## Work instruction
Retype, word for word, the line holding "hermoso niño irritado" and every line below it to the end of the listing. Leave out the pictures.

## Collected data
__________

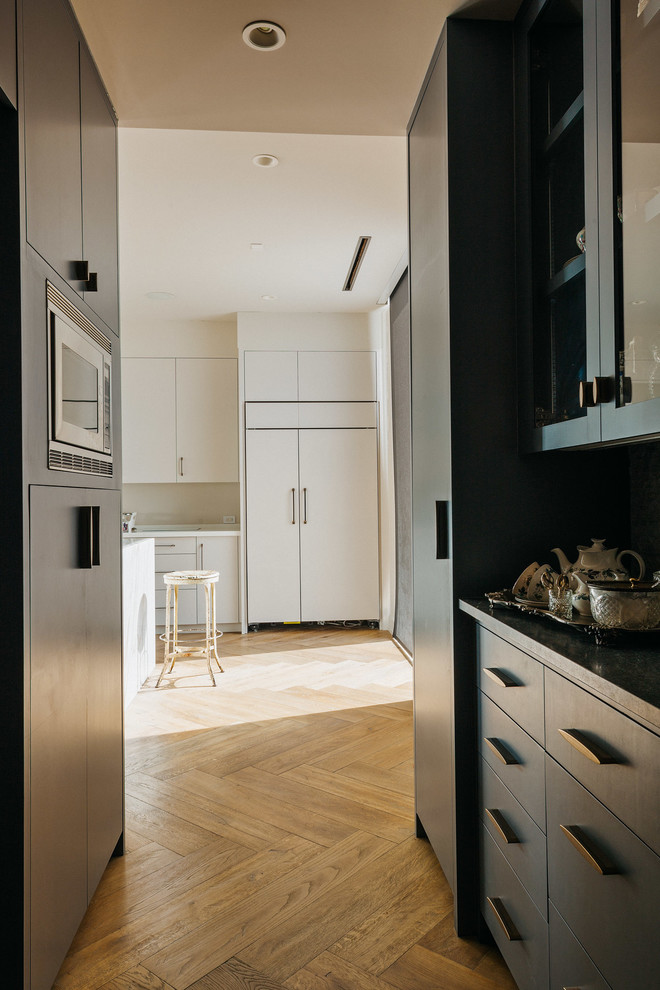 Idee per un cucina con isola centrale contemporaneo con ante lisce, ante bianche, top in quarzite, pavimento in legno massello medio e pavimento marrone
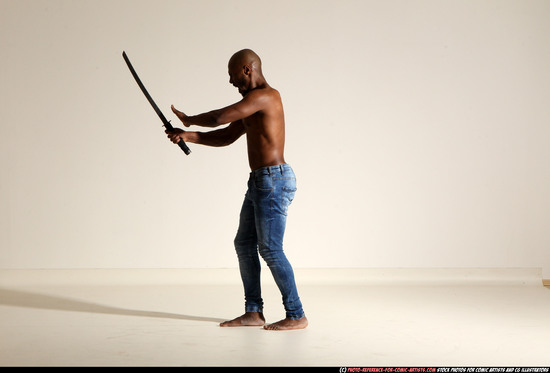 Man Adult Athletic Black Fighting with sword Moving poses Pants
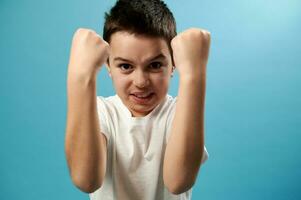 hermoso niño irritado y enojado, expresa negativo emociones, irritación en un azul antecedentes con Copiar espacio. foto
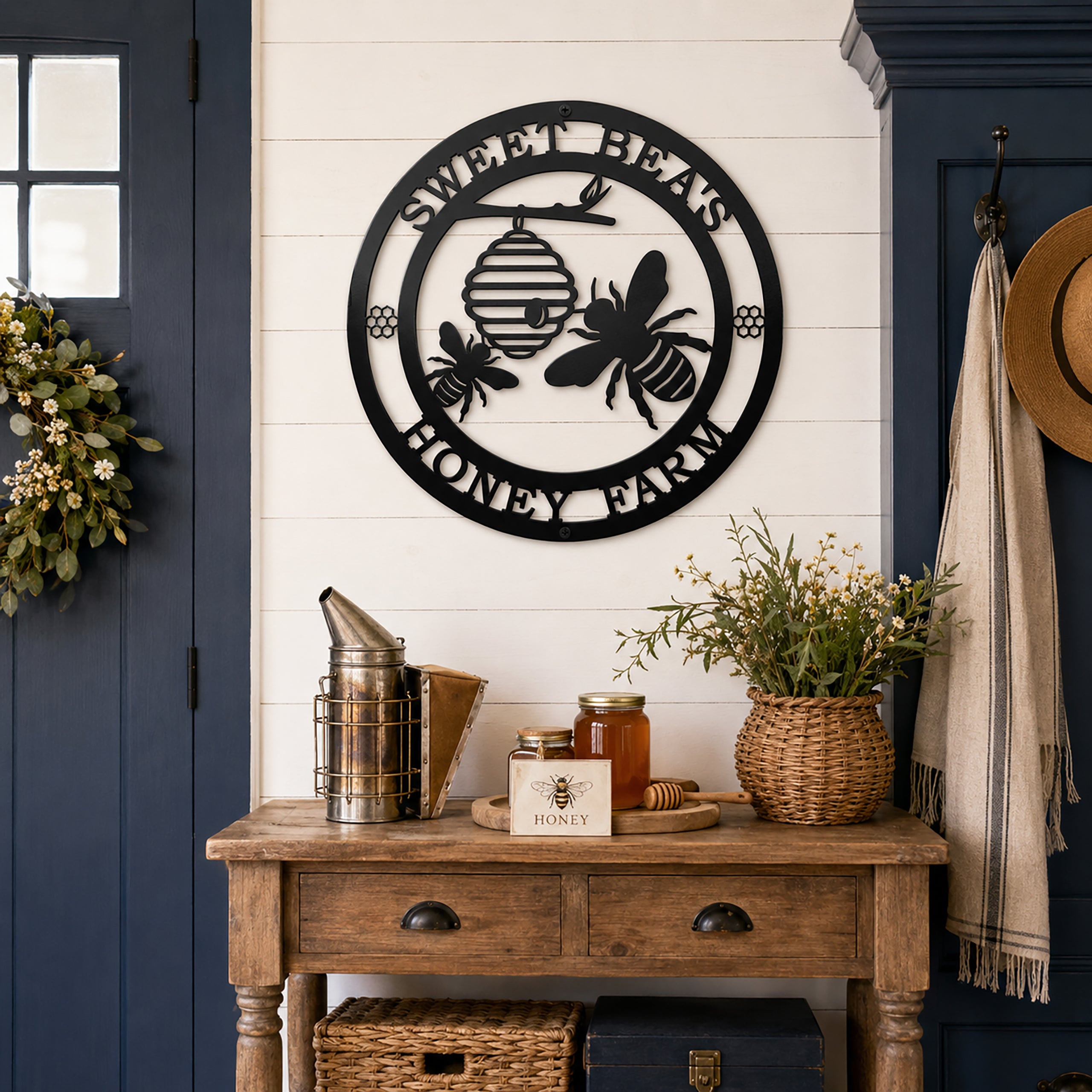 Black honey bee metal wall sign above farmhouse entryway table decor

__________

## Task answer
 hermoso niño irritado y enojado, expresa negativo emociones, irritación en un azul antecedentes con Copiar espacio. foto
 Black honey bee metal wall sign above farmhouse entryway table decor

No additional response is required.